** Listed records follows **

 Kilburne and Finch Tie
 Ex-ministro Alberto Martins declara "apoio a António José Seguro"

** End of Listed records **
** Listed records follows **

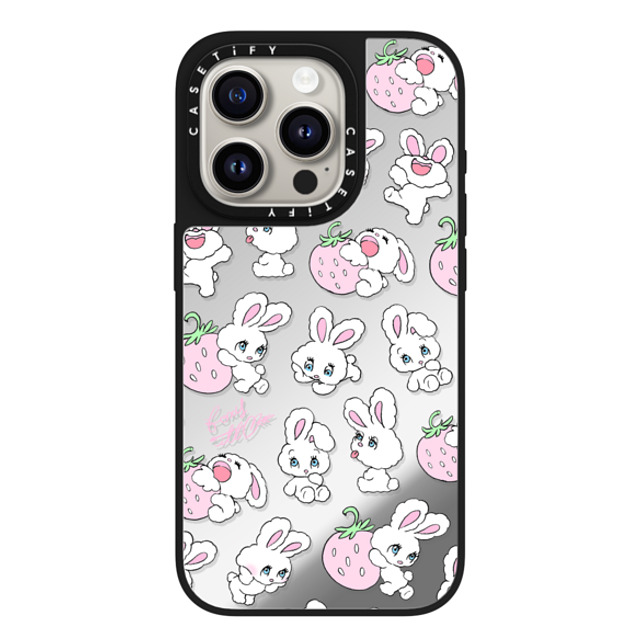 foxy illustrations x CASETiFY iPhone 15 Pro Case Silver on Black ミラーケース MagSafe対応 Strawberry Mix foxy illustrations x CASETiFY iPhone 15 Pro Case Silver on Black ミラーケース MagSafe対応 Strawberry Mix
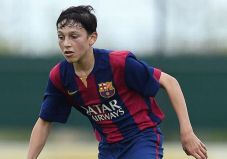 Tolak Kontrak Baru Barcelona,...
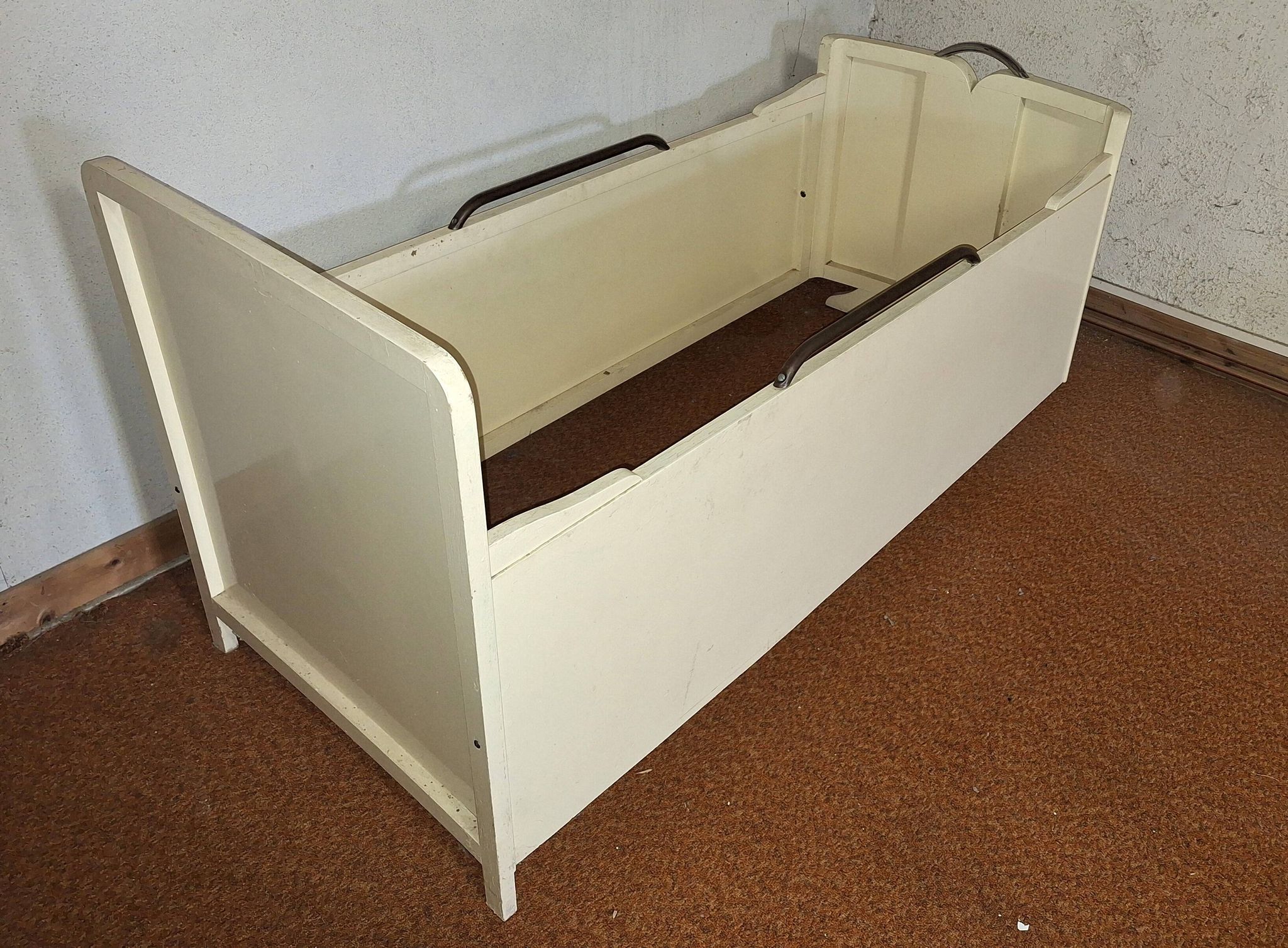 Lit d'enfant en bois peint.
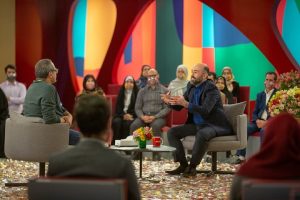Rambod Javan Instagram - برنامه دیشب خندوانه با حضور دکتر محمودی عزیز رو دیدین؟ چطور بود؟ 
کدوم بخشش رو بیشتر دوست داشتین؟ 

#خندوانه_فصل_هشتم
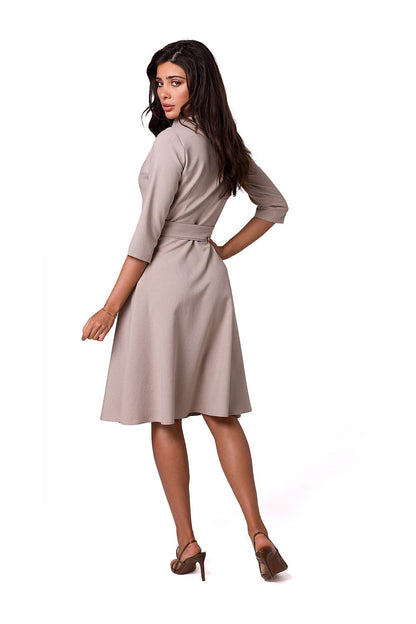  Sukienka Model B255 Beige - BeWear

** End of Listed records **

# The problem
Using the entries above, give again exactly the lines from the line holding "Kilburne and Finch Tie" through the line holding "Ex-ministro Alberto Martins". Include both end lines and nothing else.

# Answer space
 Kilburne and Finch Tie
 Ex-ministro Alberto Martins declara "apoio a António José Seguro"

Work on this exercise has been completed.